American political culture, however, is indispensably hubristic, and the neocons, by then well-entrenched in power, are the most hubristic of the lot. Rather than seeking win-win solutions, or failing that playing off one rival against the other, neocon-occupied Washington decided to maximally antagonize Russia, China, and Iran, all at the same time.

The predictable result is that those three countries have increasingly banded together, and built up formidable diplomatic alliances and military defenses, against the threat posed by the out-of-control America. In their turn, the Americans have become ever-more-alarmed and erratic in their behavior. The US-instigated war on Russia through Ukraine, the destruction of the Nordstream pipeline, the likely US COVID bio-attack on China and Iran, and the murder of Iran’s great general Qassem Soleimani were all vandalistic acts of the sort expected from a drunken teenager, not the mature leadership of a great power.

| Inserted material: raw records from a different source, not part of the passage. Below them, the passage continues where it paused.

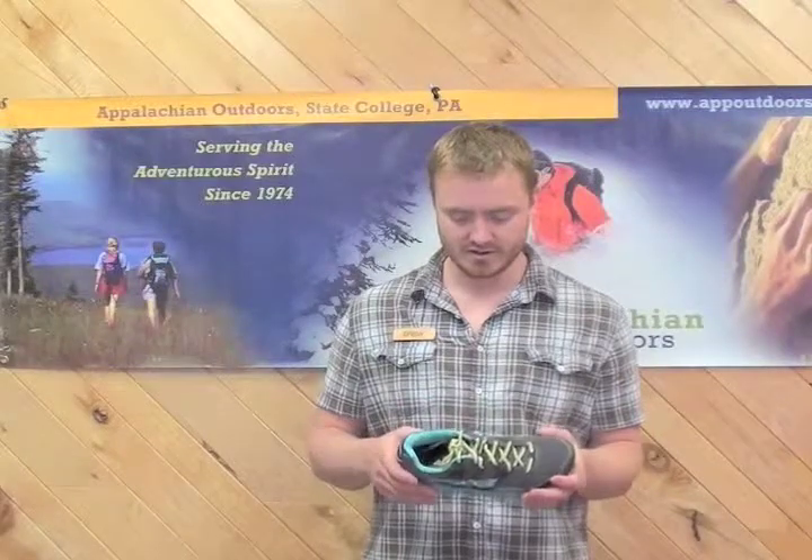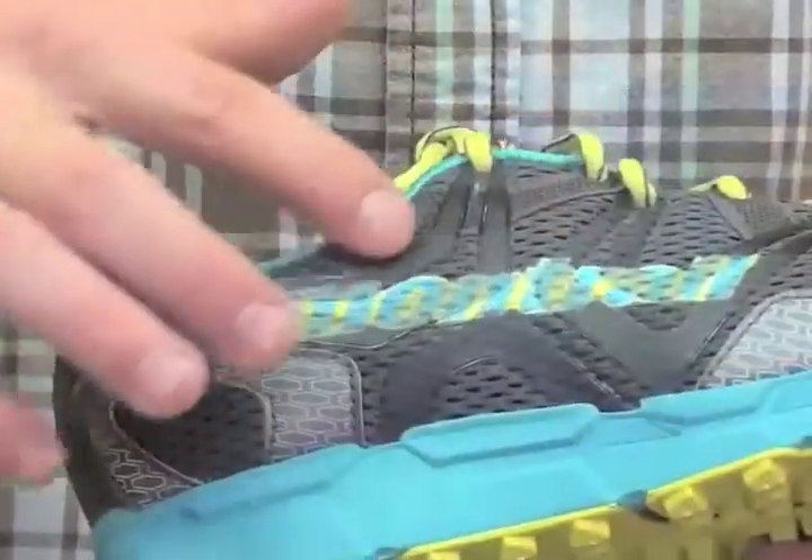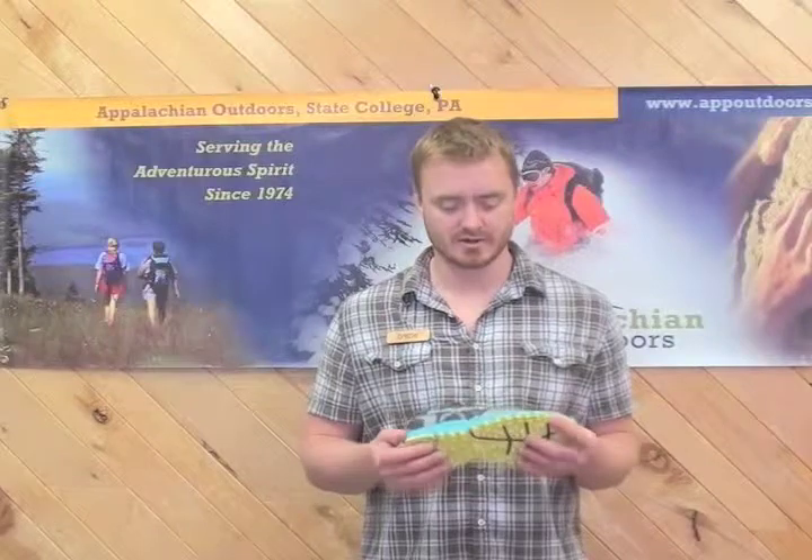The fit on this particular shoe — to achieve a sort of customized fit, they use this rubber frame on the outside here, and that also adds durability to the shoe. The Montrail Bajada goes for about $110 and it's here at Appalachian Outdoors. Thanks.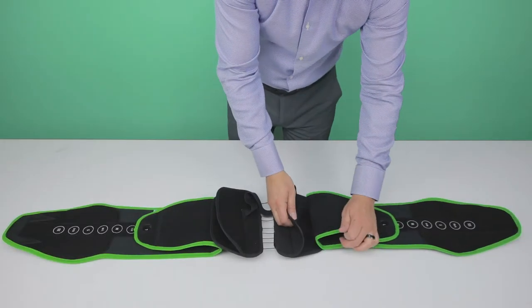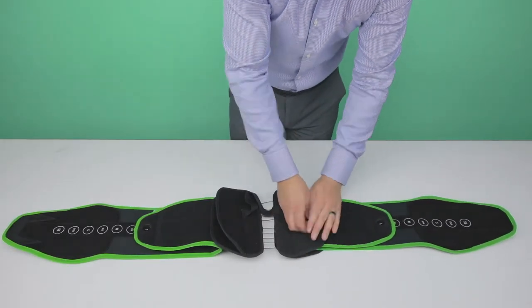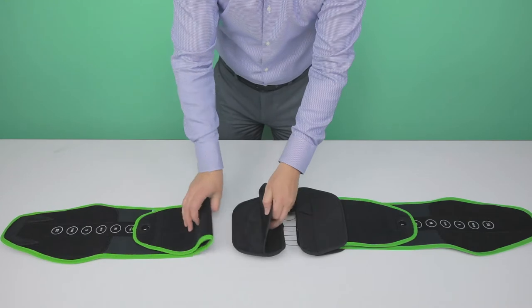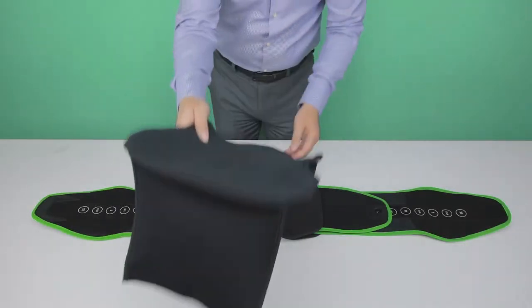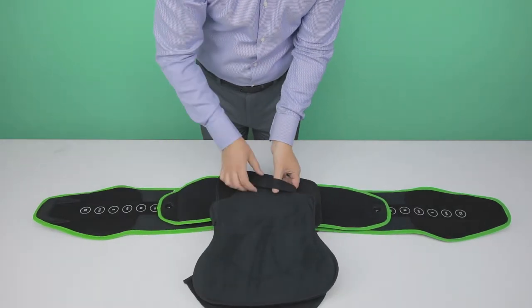Insert and center both soft panels into the center clamp and press down firmly. Insert the central rigid posterior panel back into the elastic band.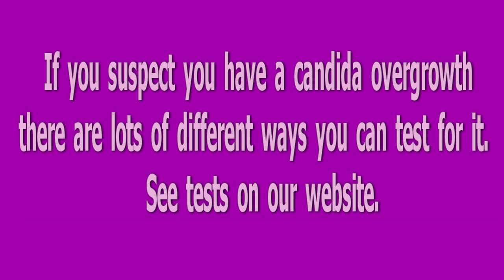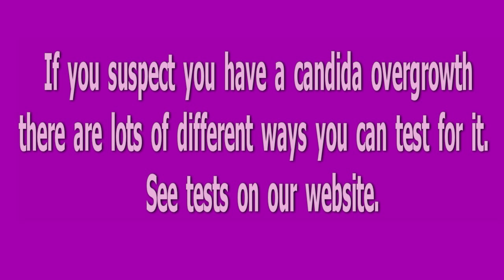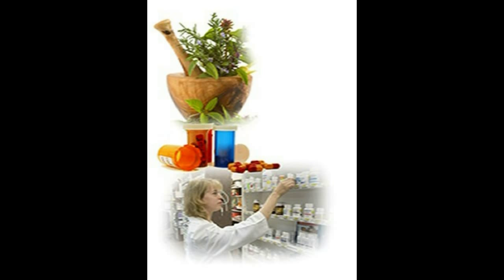If you suspect you have a Candida overgrowth, there are lots of different ways you can test for it. Some tests can be costly and take time to give results. There are a few tests that cost nothing and give almost instant results. One is the Candida Symptoms Test, which I will tell you more about later, and another is the Candida Spit Test.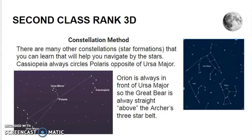The Constellation Method. There are many constellations — star formations — that you can learn that will help you navigate by the stars. Cassiopeia is one that always circles Polaris opposite of Ursa Major, the Big Dipper. You can always find it on the opposite side of Ursa Major. So if you are having a hard time finding Ursa Major but find Cassiopeia, you can use it to find Polaris as well.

The US is for all intents and purposes already engaged in a pre-emptive World War III against Russia, China, Iran, and any other power that aspires to independence. But that war remains, at least as of this writing, largely covert and deniable. The Americans pretend that it is their proxy “Ukraine” that is fighting Russia. They planted a virology institute in Wuhan and used it to blamed China for the presumed October 2019 US bio-attack. And they constantly attack Iran and its friends, in a myriad of ways, most of them covert.

As of summer 2024, the US war on Russia is becoming less covert every day. The US-controlled NATO alliance is growing ever-more-brazen in admitting who is really running the war, and ever-more-reckless in its crossing Putin’s red lines. The US strategy—to destroy Russia first, leaving China isolated and at America’s mercy—has grown increasingly militarized, and increasingly obvious to all. An all-out US-vs-Russia shooting war grows increasingly thinkable, if not inevitable.

It wasn’t supposed to be this way. The US orchestrated the Ukraine war to collapse Russia’s economy, which was supposed to lead to the breakup of the Russian Federation. But the world has refused to obey Uncle Sam’s sanctions edicts, and Russia has proved surprisingly resilient.

Russia’s ace in the hole, of course, is China. Beijing knows that it cannot afford to let Russia lose, because China will be next—just as Russia and Iran knew, in 2015, that they could not let Syria lose, or they would be next. So, China is using its formidable economic and technological might to help Russia maintain its strength in the face of the US-NATO onslaught.

Thus, the American leadership has found itself in the unenviable position of picking a fight with a Russia-China-Iran bloc whose combined population, GDP, military potential, resource base, manufacturing base, and technological acumen are more than a match for the self-proclaimed indispensable nation and sole superpower. In its recklessness and arrogance, the US made mortal enemies of Russia, China, and Iran—and then drove them into each other’s arms. As if that wasn’t enough, by offering all-out support to the zionist genocide of Gaza, the Americans have appalled the whole world and demonstrated their manifest unfitness to lead it.

Time is not on the Americans’ side. With every passing day, NATO’s share of global GDP declines, Russia’s position vs Ukraine improves, and military technology makes America’s former advantages, like its aircraft carriers and air defenses, increasingly obsolete. And with every additional day of genocide in Gaza, America’s soft power, based on its perceived legitimacy as chief global arbitrator, takes another hit.

Will the US attempt to save its unipolar empire by instigating all-out war with Russia and China before its strategic situation erodes any further? Such a globally catastrophic war may be closer than most people realize. Supremely reckless moves, including barely-disguised US attacks on Russian nuclear early-warning bases and ever-more-brazen endorsements of Taiwan’s imaginary independence, are coming at an ever-faster clip.

An American hot war on Russia and China would be suicidal. Russia’s resources, military technology and experience, and strategic depth, coupled with China’s industrial might, overmatch the flagging strength, weakening will, and superannuated weaponry of the declining US empire and its NATO proxies.